# Work to complete
Quote every line below exactly and skip any picture.

# Supplied material

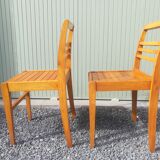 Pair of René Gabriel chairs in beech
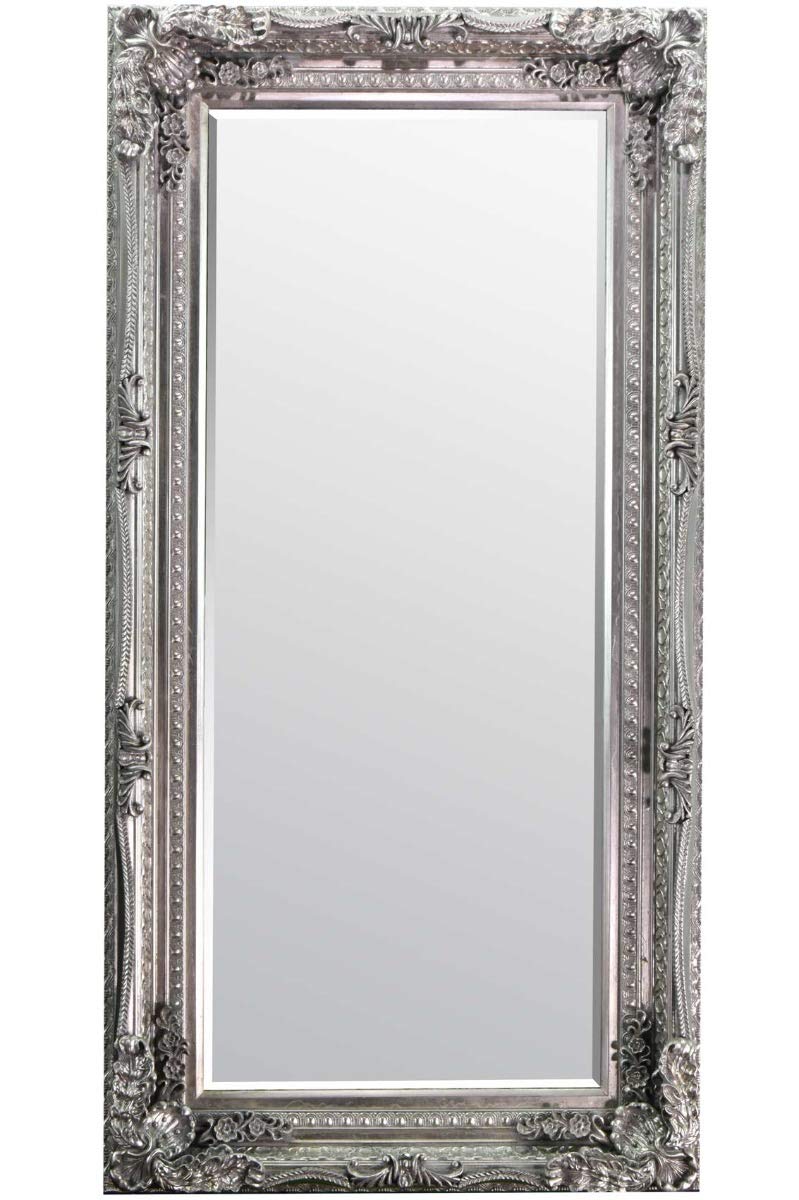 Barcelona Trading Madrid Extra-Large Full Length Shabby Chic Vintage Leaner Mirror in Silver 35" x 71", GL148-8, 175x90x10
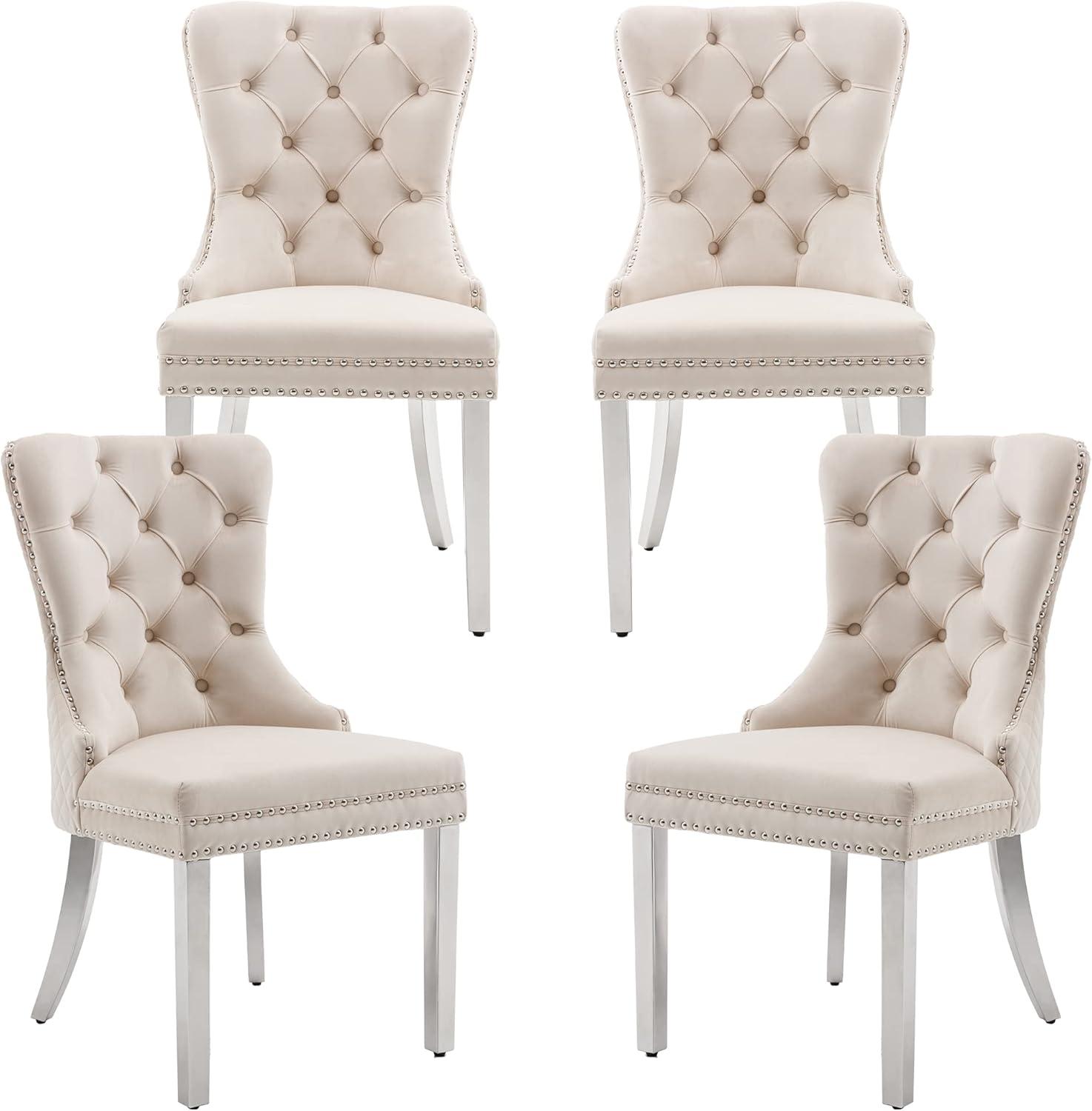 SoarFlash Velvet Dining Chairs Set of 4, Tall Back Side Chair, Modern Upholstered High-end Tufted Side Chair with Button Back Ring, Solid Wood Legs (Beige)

# Response
 Pair of René Gabriel chairs in beech
 Barcelona Trading Madrid Extra-Large Full Length Shabby Chic Vintage Leaner Mirror in Silver 35" x 71", GL148-8, 175x90x10
 SoarFlash Velvet Dining Chairs Set of 4, Tall Back Side Chair, Modern Upholstered High-end Tufted Side Chair with Button Back Ring, Solid Wood Legs (Beige)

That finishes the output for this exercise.